Fourier
Complex numbers and Fourier transformation.
Complex Numbers
Complex numbers consist of a real and an imaginary part:
\[z = x + iy\]The real part of $z$ is $Re(z) = x$, and the imaginary part of $z$ is $Im(z) = y$.
Complex numbers are sitting in the $x-y$ plane $\R^2$ where $x$ the real part gives you the $x$ coordinate and $y$ the imaginary part gives you the y coordinate.
Now, if you think of complex numbers in this way, then vector addition is defined in the same way as if you were working in $\R^2$ with vectors $(x, y)$.
Complex numbers have the same vector addition and scalar multiplication as vectors in $\mathbb{R}^2$:
Addition
\[(a + ib) + (c + id) = (a+c) + i(b+d)\]Multiplication
\[i^2 = -1, i = \sqrt{-1}\] \[\begin{align*} (a + ib)(c + id) &= a(c+id) + ib(c+id) \\& = (ac+aid) + (ibc + i^2bd) \\&= ac - bd + i(ad + bc) \end{align*}\]Complex conjugate
\[(a+ib)^* = a - ib\]Length squared
\[(a + ib)^*(a + ib) = (a - ib)(a+ib) = a^2 + b^2\]Division
\[\begin{align*}\frac{a + ib}{c + id} & = \frac{(a+ib)(c + id)^*}{(c+id)(c+id)^*} \\&= \frac{(a+ib)(c-id)}{c^2 + d^2} \\&= \frac{ac + bd + i(cb - ad)}{c^2 + d^2}\end{align*}\]Alternative Form
We like to work with two different representations of complex numbers.

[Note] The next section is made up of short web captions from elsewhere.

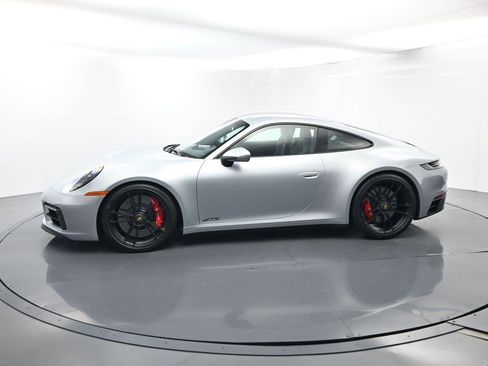 Used 2022 Porsche 911 Carrera 4 GTS image 2
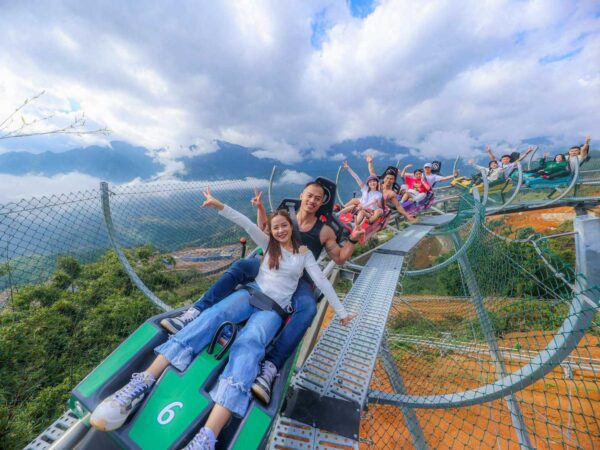 Half Day Car Tour to Love Waterfall 5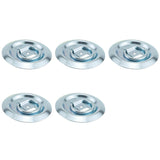 Set of 5 Surface Mount/recess Ring/bulk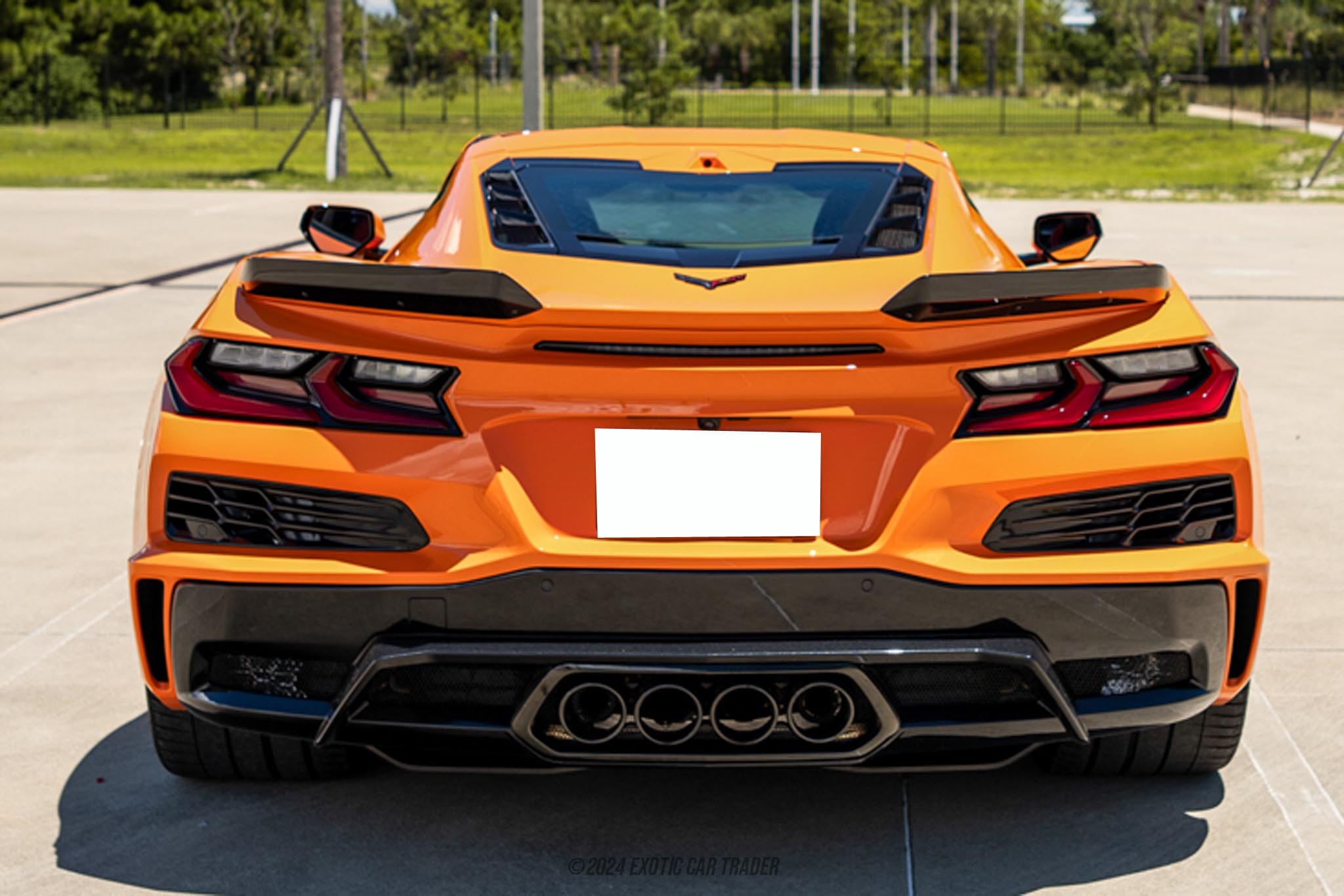 2023 Chevrolet Corvette Z06 Coupe 3LZ for sale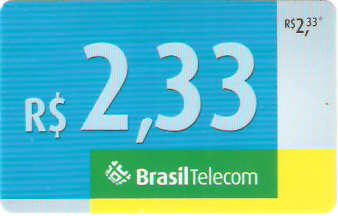 PRC05-168 - Valor de Face - 1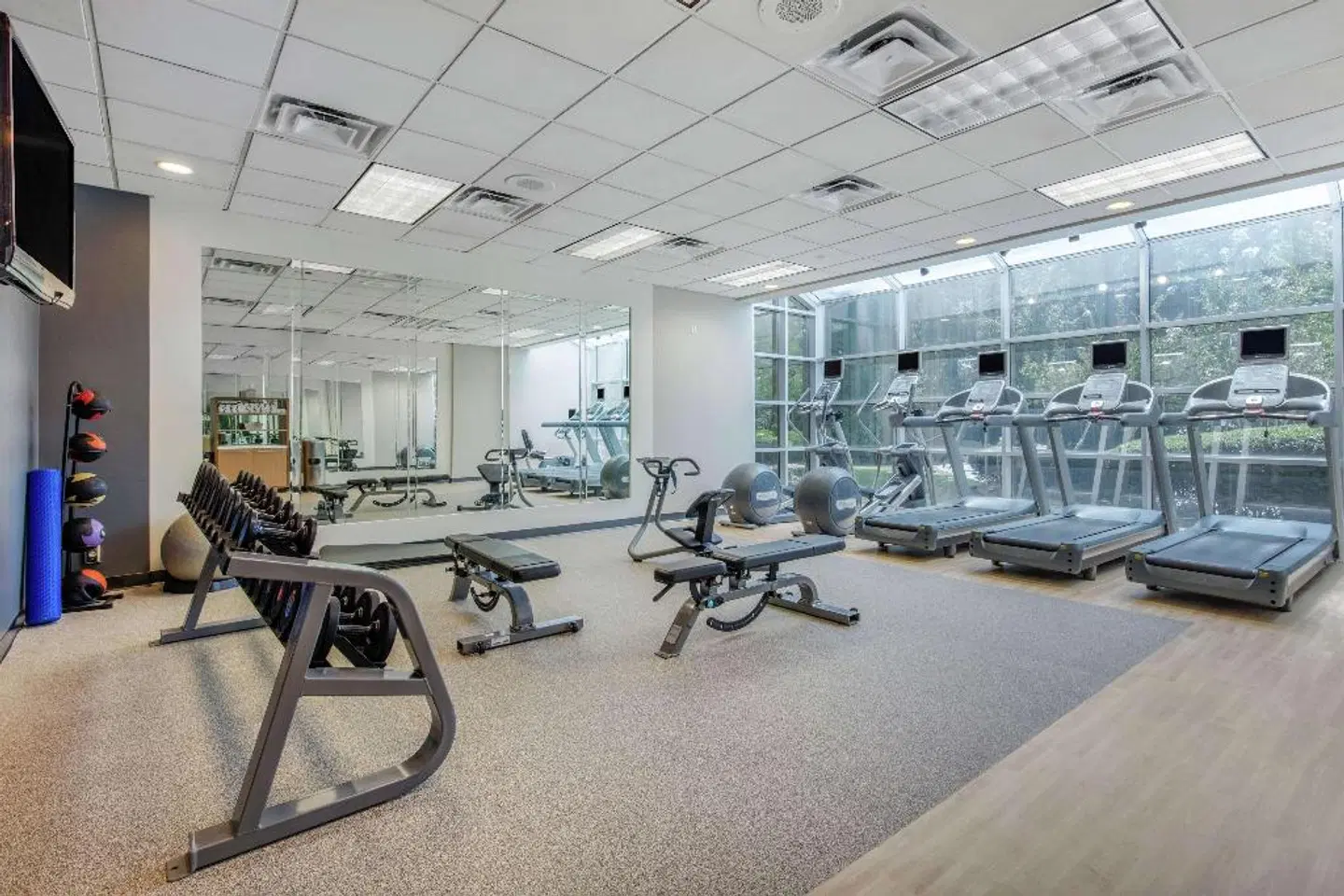 Hilton Birmingham Perimeter Park SPORTS_AND_LEISURE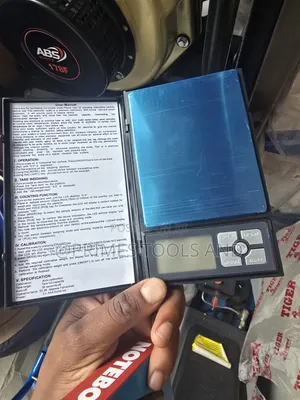 Digital Gold Scale Ethiopia, Jewelry Scale,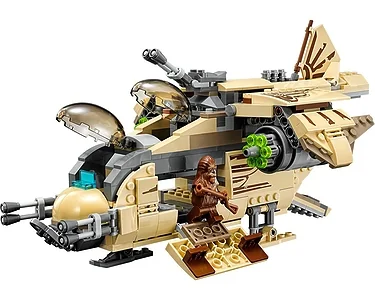 LEGO Star Wars 75084, Wookiee Gunship
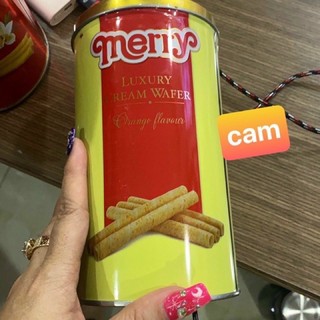 BÁNH QUẾ MERRY SOCOLA SIÊU NGON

The first one is the one we just discussed where you think of your complex numbers as a two-dimensional vector for the x coordinate is the real part and the y coordinate is the imaginary part.
However, you can also think of complex numbers as being described by the arrow that points from the origin to the point that represents the complex number => Polar coordinates.
This arrow has a length $r$, and the angle $\theta$. These two numbers, the length and the angle with the x-axis describe a complex number uniquely. We often write this on an exponential form $z = re^{i\theta} = r(\cos \theta, \sin\theta)$.
Euler’s formula
We have the two equivalent representations $z = x + iy = re^{i\theta}$, where $x$ and $y$ are the coordinates of $z$. By the definition of the cosine, we have
\[x = r\cos \theta,\]and by the definition of the sine, we have
\[y = r\sin \theta.\]In particular, $r = 1$ gives rise to Euler’s formula
\[e^{i\theta} = \cos \theta + i \sin \theta\]Multiplication of complex numbers
Multiplication of complex numbers is easy in polar coordinates: $r_1e^{i\theta_1} \cdot r_2e^{i\theta_2}$
\[\begin{align*} r_1e^{i\theta_1} \cdot r_2e^{i\theta_2} & = r_1r_2e^{i\theta_1}e^{i\theta_2} \\ & = r_1r_2(\cos\theta_1 + i\sin\theta_1)(\cos\theta_2 + i\sin\theta_2) \\ & = r_1r_2(\cos\theta_1\cos\theta_2 - \sin\theta_1\sin\theta_2 + i(\sin\theta_1\cos\theta_2 + \cos\theta_1\sin\theta_2)) \\ & = r_1r_2(\cos(\theta_1 +\theta_2) + i\sin(\theta_1 + \theta_2)) \\ & = r_1r_2 e^{i(\theta_1 + \theta_2)} \end{align*}\]In the last step, use the Euler formula to go back to the polar coordinate form.
In other words, the usual exponential algebra holds also for complex numbers.
Moreover, we get a geometric interpretation of the multiplication of complex numbers.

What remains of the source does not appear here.